Machine learning applied to data science
Machine learning has become increasingly important for data science analysis as it has been for a multitude of other fields. A defining characteristic of machine learning is the ability of a model to be trained on a set of representative data and then later used to solve similar problems. There is no need to explicitly program an application to solve the problem. A model is a representation of the real-world object.
For example, customer purchases can be used to train a model. Subsequently, predictions can be made about the types of purchases a customer might subsequently make. This allows an organization to tailor ads and coupons for a customer and potentially providing a better customer experience.

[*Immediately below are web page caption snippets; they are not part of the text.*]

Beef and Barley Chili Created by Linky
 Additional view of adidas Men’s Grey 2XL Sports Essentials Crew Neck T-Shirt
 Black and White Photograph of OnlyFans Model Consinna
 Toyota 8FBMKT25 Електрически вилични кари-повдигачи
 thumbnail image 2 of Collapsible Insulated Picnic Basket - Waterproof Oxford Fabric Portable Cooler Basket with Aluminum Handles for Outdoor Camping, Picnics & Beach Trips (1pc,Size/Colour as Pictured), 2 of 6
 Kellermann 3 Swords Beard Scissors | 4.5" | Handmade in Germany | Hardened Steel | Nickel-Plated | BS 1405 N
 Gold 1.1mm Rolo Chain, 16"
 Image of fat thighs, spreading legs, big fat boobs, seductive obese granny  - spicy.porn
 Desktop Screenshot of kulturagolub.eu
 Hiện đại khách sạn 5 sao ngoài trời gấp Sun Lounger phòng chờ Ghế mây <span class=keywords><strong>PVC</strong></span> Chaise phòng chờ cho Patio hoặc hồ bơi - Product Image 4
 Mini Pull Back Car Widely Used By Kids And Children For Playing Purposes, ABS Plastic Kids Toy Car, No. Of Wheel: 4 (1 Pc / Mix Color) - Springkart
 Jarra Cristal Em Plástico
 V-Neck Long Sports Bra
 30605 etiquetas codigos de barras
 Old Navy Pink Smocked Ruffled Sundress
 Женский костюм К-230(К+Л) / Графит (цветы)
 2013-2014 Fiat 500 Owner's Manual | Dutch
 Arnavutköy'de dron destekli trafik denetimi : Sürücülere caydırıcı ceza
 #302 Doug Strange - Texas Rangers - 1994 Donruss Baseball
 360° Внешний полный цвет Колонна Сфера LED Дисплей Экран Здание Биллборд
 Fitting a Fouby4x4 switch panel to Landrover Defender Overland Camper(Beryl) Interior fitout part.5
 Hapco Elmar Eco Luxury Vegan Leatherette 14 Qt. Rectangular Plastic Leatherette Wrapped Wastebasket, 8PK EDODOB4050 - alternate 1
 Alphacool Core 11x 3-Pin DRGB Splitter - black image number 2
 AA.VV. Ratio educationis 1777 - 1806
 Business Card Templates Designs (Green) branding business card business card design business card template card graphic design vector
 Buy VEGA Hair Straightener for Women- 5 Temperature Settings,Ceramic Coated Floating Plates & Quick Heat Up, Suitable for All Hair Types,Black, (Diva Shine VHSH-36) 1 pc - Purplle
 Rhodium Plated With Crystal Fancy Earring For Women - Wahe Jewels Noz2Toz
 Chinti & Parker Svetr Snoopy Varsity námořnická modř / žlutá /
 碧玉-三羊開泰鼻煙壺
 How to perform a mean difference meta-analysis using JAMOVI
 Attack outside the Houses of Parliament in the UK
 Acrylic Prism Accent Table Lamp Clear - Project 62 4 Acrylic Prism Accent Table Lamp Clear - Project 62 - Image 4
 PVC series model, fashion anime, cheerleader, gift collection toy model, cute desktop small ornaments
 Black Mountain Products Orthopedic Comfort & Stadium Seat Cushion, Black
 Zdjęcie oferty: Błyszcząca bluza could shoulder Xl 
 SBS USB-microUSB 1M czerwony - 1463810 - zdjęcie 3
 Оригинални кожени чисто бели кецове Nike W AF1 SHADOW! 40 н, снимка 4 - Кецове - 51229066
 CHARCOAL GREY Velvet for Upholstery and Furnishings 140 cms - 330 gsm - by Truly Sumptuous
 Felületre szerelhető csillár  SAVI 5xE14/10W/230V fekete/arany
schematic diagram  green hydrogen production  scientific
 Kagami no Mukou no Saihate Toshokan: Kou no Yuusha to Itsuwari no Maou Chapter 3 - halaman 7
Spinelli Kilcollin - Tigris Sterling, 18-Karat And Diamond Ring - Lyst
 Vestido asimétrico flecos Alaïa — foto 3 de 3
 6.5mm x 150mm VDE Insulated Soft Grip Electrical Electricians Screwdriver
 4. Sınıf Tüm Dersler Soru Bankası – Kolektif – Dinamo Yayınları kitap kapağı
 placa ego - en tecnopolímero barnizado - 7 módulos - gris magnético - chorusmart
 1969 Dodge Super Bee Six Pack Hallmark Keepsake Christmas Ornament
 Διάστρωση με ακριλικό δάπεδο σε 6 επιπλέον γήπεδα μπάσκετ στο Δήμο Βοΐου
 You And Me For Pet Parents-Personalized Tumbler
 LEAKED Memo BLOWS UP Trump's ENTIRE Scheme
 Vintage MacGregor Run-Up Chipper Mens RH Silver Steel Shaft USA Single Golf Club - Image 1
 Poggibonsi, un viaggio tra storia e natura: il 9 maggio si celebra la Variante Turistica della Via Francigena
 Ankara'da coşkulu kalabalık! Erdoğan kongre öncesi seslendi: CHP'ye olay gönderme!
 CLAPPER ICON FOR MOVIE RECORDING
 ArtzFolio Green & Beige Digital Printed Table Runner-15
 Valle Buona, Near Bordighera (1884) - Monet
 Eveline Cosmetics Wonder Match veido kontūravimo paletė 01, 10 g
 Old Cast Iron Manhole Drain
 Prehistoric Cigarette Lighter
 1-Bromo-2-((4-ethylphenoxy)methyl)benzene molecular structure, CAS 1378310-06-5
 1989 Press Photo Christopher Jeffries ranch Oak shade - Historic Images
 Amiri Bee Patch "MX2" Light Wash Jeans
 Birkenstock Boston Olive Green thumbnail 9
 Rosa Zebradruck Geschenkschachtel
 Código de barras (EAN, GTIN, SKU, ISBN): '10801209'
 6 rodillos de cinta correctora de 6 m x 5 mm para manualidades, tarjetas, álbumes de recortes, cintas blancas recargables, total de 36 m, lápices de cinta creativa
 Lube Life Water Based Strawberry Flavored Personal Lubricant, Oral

Training can be performed in one of several different approaches:
- Supervised learning: The model is trained with annotated, labeled, data showing corresponding correct results
- Unsupervised learning: The data does not contain results, but the model is expected to find relationships on its own
- Semi-supervised: A small amount of labeled data is combined with a larger amount of unlabeled data
- Reinforcement learning: This is similar to supervised learning, but a reward is provided for good results
There are several approaches that support machine learning. In Chapter 6, Machine Learning, we will illustrate three techniques:
- Decision trees: A tree is constructed using features of the problem as internal nodes and the results as leaves
- Support vector machines: This is used for classification by creating a hyperplane that partitions the dataset and then makes predictions
- Bayesian networks: This is used to depict probabilistic relationships between events
A Support Vector Machine (SVM) is used primarily for classification type problems. The approach creates a hyperplane to categorize data, which can be envisioned as a geometric plane that separates two regions. In a two-dimensional space, it will be a line. In a three-dimensional space, it will be a two-dimensional plane. In Chapter 6, Machine Learning, we will demonstrate how to use the approach using a set of data relating to the propensity of individuals to camp. We will use the Weka class, SMO
, to demonstrate this type of analysis.
The following figure depicts a hyperplane using a distribution of two types of data points. The lines represent possible hyperplanes that separate these points. The lines clearly separate the data points except for one outlier.
Once the model has been trained, the possible hyperplanes are considered and predictions can then be made using similar data.